Artificial intelligence in humanitarian action
Several measures can be taken to avoid this situation. To start with, programs like the United Nations’ ” Artificial Intelligence for Social Good “, which aims to establish a dialogue on how the safe and beneficial use of this technology can advance humanitarian work, must be fully supported by public authorities. And those of us who are involved in technological development must continue to define projects, initiatives, think tanks, and organizations that would benefit from cooperation with AI companies – like AI Training in Bangalore.
But above all, the debates concerning the development of artificial intelligence for humanitarian purposes cannot be confined to aid and charitable organizations and governments alone. Investors in the technology sector must also participate.

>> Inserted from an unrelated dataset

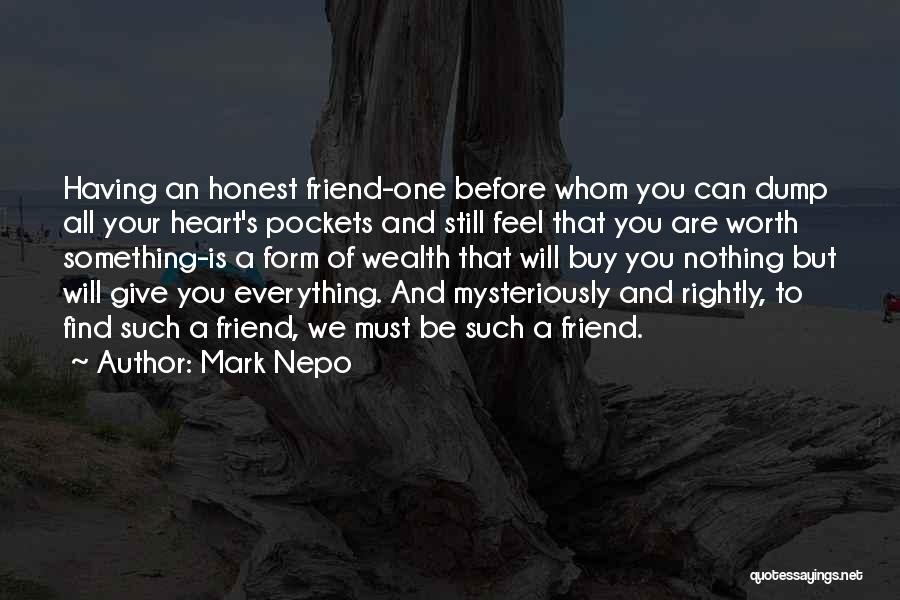 Dump Friend Quotes By Mark Nepo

For too long, tech entrepreneurs have been focused on solving problems in northern countries, neglecting issues generally associated with developing countries. It’s high time to get beyond just the level of a Google or Facebook or Twitter, and spread around the innovation. Mobile technologies are opening up new perspectives, however, and it makes humanitarian and business sense today to target AI solutions that go far beyond Western countries.
This is the reason why I created AI Training in Bangalore, an investment fund endowed with 100 million dollars whose objective is to support start-ups in the field of artificial intelligence and robotics. Our company works with companies at the forefront of machine perception – the ability of robots to understand and identify real-world environments. We have invested in companies that work to replicate the sense of human smell, develop agile prostheses at an affordable price, and create portable machines designed to improve manufacturing processes. Our goal is to finance technologies that could potentially improve the quality of life for human beings in every country in the world. And that will, in my opinion, be the unifying characteristic of AI. The machines created today will not only be profitable but should also bring us closer to a solution to the main global problems of today.